Every LOKA.HAUS garment is designed around what it's actually made of — and how it's actually made.
The hardware
Each piece of brass hardware starts as a digital model, printed in PETG on our Bambu X1C in the Austin studio. The master gets sanded to 1000 grit, sealed with epoxy, and used to cast a silicone mold. We mix Smooth-Cast 325 resin with real brass powder at the bench, pour it by hand, and demold in ten minutes. What comes out gets wiped with mineral spirits, burnished with 0000 steel wool, and finished with a light shoe-polish patina that brings up the warmth in the brass.

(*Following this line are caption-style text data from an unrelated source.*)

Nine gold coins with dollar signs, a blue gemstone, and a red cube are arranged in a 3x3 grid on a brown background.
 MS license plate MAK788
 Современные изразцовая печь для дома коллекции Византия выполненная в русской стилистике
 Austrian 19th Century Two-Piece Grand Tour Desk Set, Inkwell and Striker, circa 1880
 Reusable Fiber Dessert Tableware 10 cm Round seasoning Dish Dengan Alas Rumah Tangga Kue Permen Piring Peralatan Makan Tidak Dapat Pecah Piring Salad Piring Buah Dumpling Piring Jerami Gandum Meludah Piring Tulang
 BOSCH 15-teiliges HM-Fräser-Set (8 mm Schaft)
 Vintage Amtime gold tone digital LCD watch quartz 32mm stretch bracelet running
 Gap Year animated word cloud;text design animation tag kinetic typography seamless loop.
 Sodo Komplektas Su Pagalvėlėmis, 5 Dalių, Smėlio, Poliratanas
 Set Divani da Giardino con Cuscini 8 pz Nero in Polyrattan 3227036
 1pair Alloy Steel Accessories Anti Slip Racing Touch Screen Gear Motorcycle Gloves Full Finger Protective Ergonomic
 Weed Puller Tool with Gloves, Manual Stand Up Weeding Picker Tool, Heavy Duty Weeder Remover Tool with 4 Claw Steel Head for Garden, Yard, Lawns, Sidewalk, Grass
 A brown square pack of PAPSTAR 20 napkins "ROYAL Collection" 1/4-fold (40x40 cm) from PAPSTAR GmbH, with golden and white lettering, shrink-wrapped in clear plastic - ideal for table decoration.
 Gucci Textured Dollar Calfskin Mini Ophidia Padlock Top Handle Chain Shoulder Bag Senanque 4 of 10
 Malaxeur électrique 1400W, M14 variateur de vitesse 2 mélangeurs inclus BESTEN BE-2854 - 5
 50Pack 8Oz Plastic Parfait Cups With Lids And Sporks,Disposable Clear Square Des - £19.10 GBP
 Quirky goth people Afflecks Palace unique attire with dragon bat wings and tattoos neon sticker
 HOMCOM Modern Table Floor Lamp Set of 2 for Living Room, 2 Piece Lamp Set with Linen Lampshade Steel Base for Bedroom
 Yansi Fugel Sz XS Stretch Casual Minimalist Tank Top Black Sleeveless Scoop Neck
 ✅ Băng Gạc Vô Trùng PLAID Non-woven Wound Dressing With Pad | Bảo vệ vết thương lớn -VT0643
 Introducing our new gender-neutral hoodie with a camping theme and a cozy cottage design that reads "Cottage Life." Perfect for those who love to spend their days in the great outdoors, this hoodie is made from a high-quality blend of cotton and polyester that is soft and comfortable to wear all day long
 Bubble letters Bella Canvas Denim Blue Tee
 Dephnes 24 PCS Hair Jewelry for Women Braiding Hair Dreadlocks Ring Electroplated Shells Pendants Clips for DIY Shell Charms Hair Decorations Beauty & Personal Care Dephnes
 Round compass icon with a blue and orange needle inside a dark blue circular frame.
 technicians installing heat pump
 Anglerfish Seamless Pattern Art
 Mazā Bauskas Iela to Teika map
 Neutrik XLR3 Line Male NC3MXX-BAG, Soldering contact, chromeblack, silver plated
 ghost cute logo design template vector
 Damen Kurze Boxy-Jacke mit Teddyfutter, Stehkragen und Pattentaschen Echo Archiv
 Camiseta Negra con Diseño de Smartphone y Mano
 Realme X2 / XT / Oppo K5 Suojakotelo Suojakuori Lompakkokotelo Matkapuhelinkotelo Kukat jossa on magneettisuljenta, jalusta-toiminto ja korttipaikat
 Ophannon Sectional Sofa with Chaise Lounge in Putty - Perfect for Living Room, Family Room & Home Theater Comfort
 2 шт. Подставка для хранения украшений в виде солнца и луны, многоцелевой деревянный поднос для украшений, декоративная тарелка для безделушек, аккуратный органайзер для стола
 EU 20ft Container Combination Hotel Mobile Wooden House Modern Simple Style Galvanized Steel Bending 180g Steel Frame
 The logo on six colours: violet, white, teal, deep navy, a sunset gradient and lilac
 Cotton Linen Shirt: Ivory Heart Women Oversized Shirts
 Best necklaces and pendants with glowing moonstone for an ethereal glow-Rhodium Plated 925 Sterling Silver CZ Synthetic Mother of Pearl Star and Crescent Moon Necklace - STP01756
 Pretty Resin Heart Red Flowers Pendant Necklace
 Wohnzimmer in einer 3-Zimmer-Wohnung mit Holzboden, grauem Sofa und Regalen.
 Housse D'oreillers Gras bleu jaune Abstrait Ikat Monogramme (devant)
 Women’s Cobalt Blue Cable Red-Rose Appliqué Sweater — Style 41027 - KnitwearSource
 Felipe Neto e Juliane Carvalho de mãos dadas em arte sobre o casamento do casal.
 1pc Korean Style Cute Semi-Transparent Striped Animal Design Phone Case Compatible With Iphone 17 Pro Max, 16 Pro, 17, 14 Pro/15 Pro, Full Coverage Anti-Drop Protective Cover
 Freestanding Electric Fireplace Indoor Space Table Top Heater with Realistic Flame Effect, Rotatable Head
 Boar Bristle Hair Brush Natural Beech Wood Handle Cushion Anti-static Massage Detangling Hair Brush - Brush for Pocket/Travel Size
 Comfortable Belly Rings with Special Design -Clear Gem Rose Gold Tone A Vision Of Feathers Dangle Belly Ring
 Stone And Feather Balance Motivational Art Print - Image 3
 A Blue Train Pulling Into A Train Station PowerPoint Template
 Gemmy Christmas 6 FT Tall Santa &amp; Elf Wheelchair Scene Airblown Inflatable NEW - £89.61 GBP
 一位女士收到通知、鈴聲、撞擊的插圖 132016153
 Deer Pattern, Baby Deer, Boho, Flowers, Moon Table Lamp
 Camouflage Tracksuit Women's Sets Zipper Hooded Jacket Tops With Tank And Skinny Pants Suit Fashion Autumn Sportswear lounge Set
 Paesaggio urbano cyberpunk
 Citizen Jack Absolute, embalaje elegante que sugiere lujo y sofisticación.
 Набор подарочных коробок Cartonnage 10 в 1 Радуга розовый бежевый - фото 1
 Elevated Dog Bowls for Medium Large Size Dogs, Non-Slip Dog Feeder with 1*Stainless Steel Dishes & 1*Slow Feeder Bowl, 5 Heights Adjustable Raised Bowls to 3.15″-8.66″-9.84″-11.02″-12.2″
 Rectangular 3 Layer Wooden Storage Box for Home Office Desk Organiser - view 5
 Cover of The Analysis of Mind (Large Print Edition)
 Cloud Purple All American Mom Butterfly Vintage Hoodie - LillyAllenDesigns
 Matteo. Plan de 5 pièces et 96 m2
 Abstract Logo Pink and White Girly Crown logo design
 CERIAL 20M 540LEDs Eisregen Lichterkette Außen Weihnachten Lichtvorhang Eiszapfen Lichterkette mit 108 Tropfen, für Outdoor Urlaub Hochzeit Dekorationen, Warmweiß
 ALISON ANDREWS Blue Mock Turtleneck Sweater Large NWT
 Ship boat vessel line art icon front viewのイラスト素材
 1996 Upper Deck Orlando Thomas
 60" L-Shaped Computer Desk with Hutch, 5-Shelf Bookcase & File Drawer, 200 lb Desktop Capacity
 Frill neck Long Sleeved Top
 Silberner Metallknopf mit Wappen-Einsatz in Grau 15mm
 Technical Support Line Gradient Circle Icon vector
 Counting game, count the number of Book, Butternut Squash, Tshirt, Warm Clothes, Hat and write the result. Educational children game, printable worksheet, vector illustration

Every clasp, every ring, every cord end on a LOKA.HAUS garment was made that way. Not sourced. Made.
The cords
Closures on our silk pieces are braided in-studio using the kumihimo method — a Japanese technique that produces dense, structural cord with a weight and finish no machine-made trim comes close to. We work with rayon satin and silk cord, weighted on hand-printed bobbins, braided on a foam disk or rigid frame depending on the pattern. The end is whipped with thread and capped with a cold-cast brass end piece.
The materials
We source deadstock fabric before we design. The material comes first — not the other way around. Deadstock is end-of-run or cancelled-order yardage from mills and manufacturers: it already exists, no new resources spent on producing it, and when the run is gone, the run is gone. Our silk is charmeuse — a satin-weave that catches light and moves with the body. Our structured pieces use ponte and technical jersey built for shape retention.
Small batch. Limited by material. Made with intention.